看似是在为容老爷子抱不平,实则不过是自己的私心,他生气,他愤怒,他觉得容老爷子偏心,又认为容易不识好歹,此刻不管不顾,竟不计后果的把不满的情绪全都发泄了出来。
容易更不是个会忍气吞声的,他双眸阴鸷的盯着容叙,冷酷不屑的说道:“既然四弟这么替爷爷考虑,那这门联姻,三哥送你。”
他太了解自己的弟弟是什么性子了,若容枭雄一开始便提出来让容叙联姻,他还会得意开心的应下,现在自己却说送给他,他怎么可能会安然受之。
他这个弟弟啊,自尊心太强了。
容叙感觉自己被侮辱了似的,顾不上其他,上去就给了容易一拳,正中嘴角,容易没有防备,被他打倒在地,嘴角以肉眼可见的速度迅速红肿了起来,容易舔了舔后槽牙,不甘示弱的一个扫堂腿,将容叙绊倒在地,单方面的对容叙左一拳右一拳,容叙被打的毫无还手之力。
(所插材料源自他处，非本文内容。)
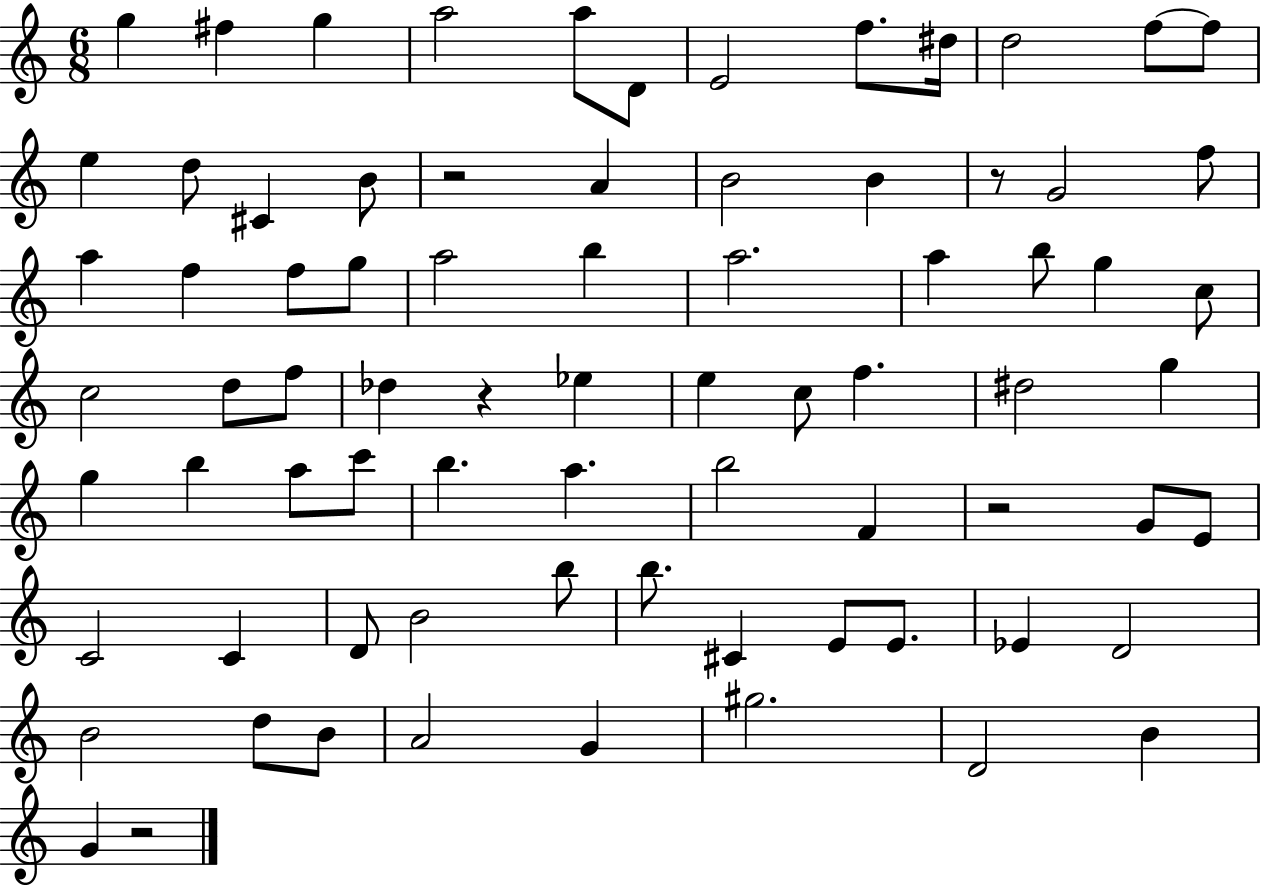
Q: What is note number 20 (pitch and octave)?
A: G4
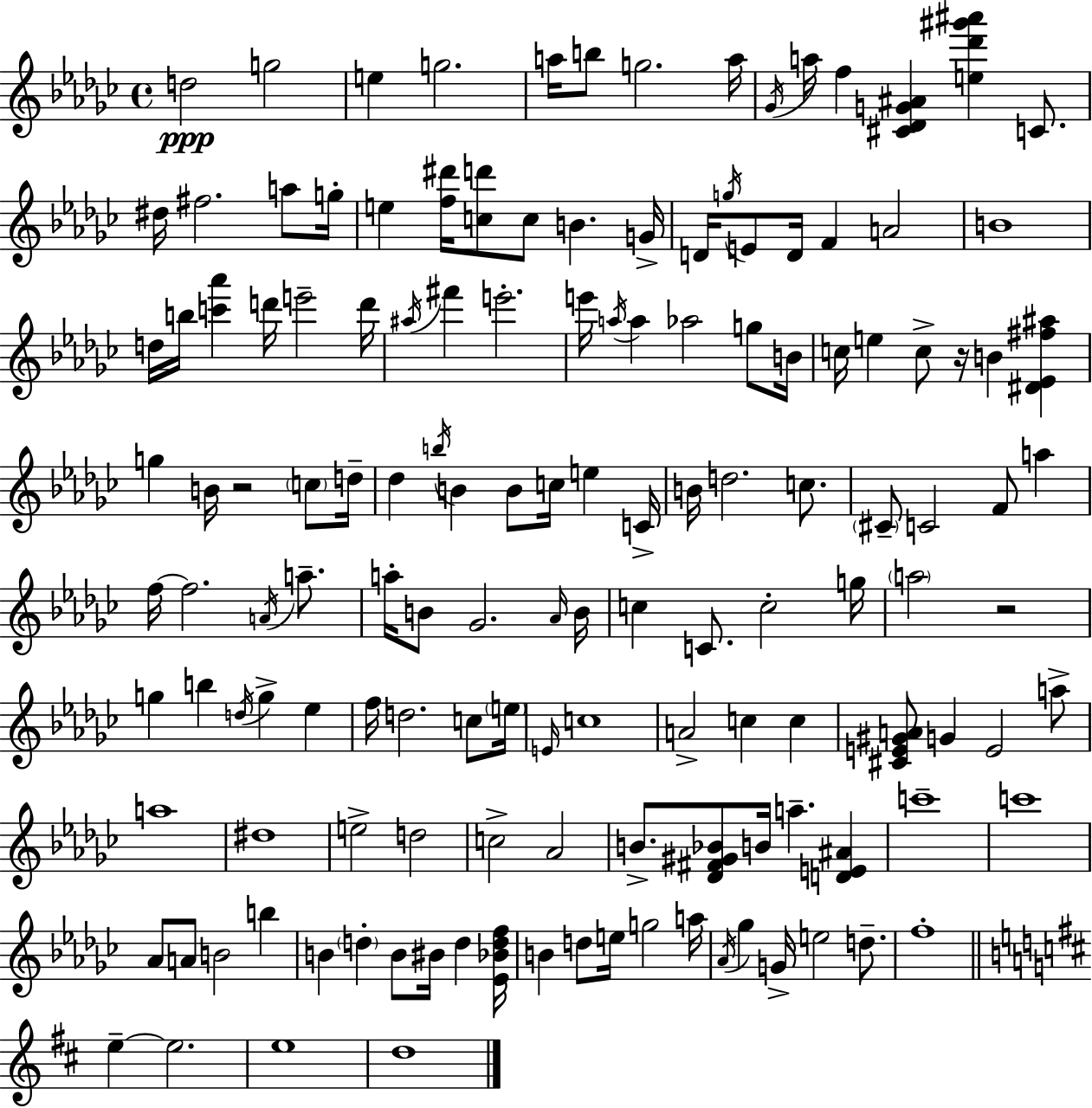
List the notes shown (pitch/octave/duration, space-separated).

D5/h G5/h E5/q G5/h. A5/s B5/e G5/h. A5/s Gb4/s A5/s F5/q [C#4,Db4,G4,A#4]/q [E5,Db6,G#6,A#6]/q C4/e. D#5/s F#5/h. A5/e G5/s E5/q [F5,D#6]/s [C5,D6]/e C5/e B4/q. G4/s D4/s G5/s E4/e D4/s F4/q A4/h B4/w D5/s B5/s [C6,Ab6]/q D6/s E6/h D6/s A#5/s F#6/q E6/h. E6/s A5/s A5/q Ab5/h G5/e B4/s C5/s E5/q C5/e R/s B4/q [D#4,Eb4,F#5,A#5]/q G5/q B4/s R/h C5/e D5/s Db5/q B5/s B4/q B4/e C5/s E5/q C4/s B4/s D5/h. C5/e. C#4/e C4/h F4/e A5/q F5/s F5/h. A4/s A5/e. A5/s B4/e Gb4/h. Ab4/s B4/s C5/q C4/e. C5/h G5/s A5/h R/h G5/q B5/q D5/s G5/q Eb5/q F5/s D5/h. C5/e E5/s E4/s C5/w A4/h C5/q C5/q [C#4,E4,G#4,A4]/e G4/q E4/h A5/e A5/w D#5/w E5/h D5/h C5/h Ab4/h B4/e. [Db4,F#4,G#4,Bb4]/e B4/s A5/q. [D4,E4,A#4]/q C6/w C6/w Ab4/e A4/e B4/h B5/q B4/q D5/q B4/e BIS4/s D5/q [Eb4,Bb4,D5,F5]/s B4/q D5/e E5/s G5/h A5/s Ab4/s Gb5/q G4/s E5/h D5/e. F5/w E5/q E5/h. E5/w D5/w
容易起身,将他拽了起来,压在墙上,气喘吁吁道:“服不服?”
容叙被揍的整个人蔫蔫的,有口气没口气的喘着,可是眼睛还是凶狠的瞪着容易,嘲讽的笑着:“呸,你容易算个什么东西,不过比我会投胎而已,刚好投到了那个替身的肚子里,说到底,你连那个女人都护不住,现在在我面前硬气什么?”
“老四!!!”
一直站在旁边看戏的容辕突然出声,疾言厉色制止他要说的话。
因为容易的脸色已经不对劲了。
在容家有一条铁律,谁都不能在容易面前提起那个人,那是容易的禁忌!
容叙被喊回了心神,他脑海里突然想起十几年前,家里有个洒扫的佣人在背后议论起那个女人,刚好被容易听了个正着,他什么话都没说,回到房间取了件东西,那个东西是把手枪,然后像现在抵着他胸口一样,抵在那个佣人的额头上,语气平缓,淡淡的说:“去死吧。”
当时容易只有十三岁,他就已经面无表情的杀了一个人,佣人的血喷溅到他的脸上,他随意的一抹,像极了杀人如麻的修罗。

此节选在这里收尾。